- _PROVIDED RECORDS_
· · ·

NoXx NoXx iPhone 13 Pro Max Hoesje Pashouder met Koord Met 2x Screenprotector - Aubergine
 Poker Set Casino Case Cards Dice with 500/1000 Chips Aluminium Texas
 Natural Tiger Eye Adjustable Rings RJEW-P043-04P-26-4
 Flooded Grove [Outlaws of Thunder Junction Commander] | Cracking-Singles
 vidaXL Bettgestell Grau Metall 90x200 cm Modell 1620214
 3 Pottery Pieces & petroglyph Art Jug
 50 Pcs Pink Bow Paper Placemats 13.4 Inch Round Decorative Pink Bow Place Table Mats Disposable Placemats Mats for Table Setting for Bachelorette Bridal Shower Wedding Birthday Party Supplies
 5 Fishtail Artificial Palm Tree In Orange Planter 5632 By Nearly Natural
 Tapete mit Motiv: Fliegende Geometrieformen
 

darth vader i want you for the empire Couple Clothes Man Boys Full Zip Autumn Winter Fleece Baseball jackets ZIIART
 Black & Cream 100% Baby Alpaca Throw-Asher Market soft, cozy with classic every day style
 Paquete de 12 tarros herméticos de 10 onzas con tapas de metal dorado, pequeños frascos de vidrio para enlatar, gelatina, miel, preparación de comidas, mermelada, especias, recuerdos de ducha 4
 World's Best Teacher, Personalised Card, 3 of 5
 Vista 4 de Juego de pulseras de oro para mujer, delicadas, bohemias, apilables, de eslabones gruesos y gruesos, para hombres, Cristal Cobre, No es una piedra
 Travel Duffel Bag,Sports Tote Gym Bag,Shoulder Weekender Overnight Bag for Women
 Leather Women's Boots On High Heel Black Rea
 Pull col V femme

· · ·

- _PROBLEM_
I would like you to output every record exactly as written.

- _EXERCISE OUTPUT_
NoXx NoXx iPhone 13 Pro Max Hoesje Pashouder met Koord Met 2x Screenprotector - Aubergine
 Poker Set Casino Case Cards Dice with 500/1000 Chips Aluminium Texas
 Natural Tiger Eye Adjustable Rings RJEW-P043-04P-26-4
 Flooded Grove [Outlaws of Thunder Junction Commander] | Cracking-Singles
 vidaXL Bettgestell Grau Metall 90x200 cm Modell 1620214
 3 Pottery Pieces & petroglyph Art Jug
 50 Pcs Pink Bow Paper Placemats 13.4 Inch Round Decorative Pink Bow Place Table Mats Disposable Placemats Mats for Table Setting for Bachelorette Bridal Shower Wedding Birthday Party Supplies
 5 Fishtail Artificial Palm Tree In Orange Planter 5632 By Nearly Natural
 Tapete mit Motiv: Fliegende Geometrieformen
 

darth vader i want you for the empire Couple Clothes Man Boys Full Zip Autumn Winter Fleece Baseball jackets ZIIART
 Black & Cream 100% Baby Alpaca Throw-Asher Market soft, cozy with classic every day style
 Paquete de 12 tarros herméticos de 10 onzas con tapas de metal dorado, pequeños frascos de vidrio para enlatar, gelatina, miel, preparación de comidas, mermelada, especias, recuerdos de ducha 4
 World's Best Teacher, Personalised Card, 3 of 5
 Vista 4 de Juego de pulseras de oro para mujer, delicadas, bohemias, apilables, de eslabones gruesos y gruesos, para hombres, Cristal Cobre, No es una piedra
 Travel Duffel Bag,Sports Tote Gym Bag,Shoulder Weekender Overnight Bag for Women
 Leather Women's Boots On High Heel Black Rea
 Pull col V femme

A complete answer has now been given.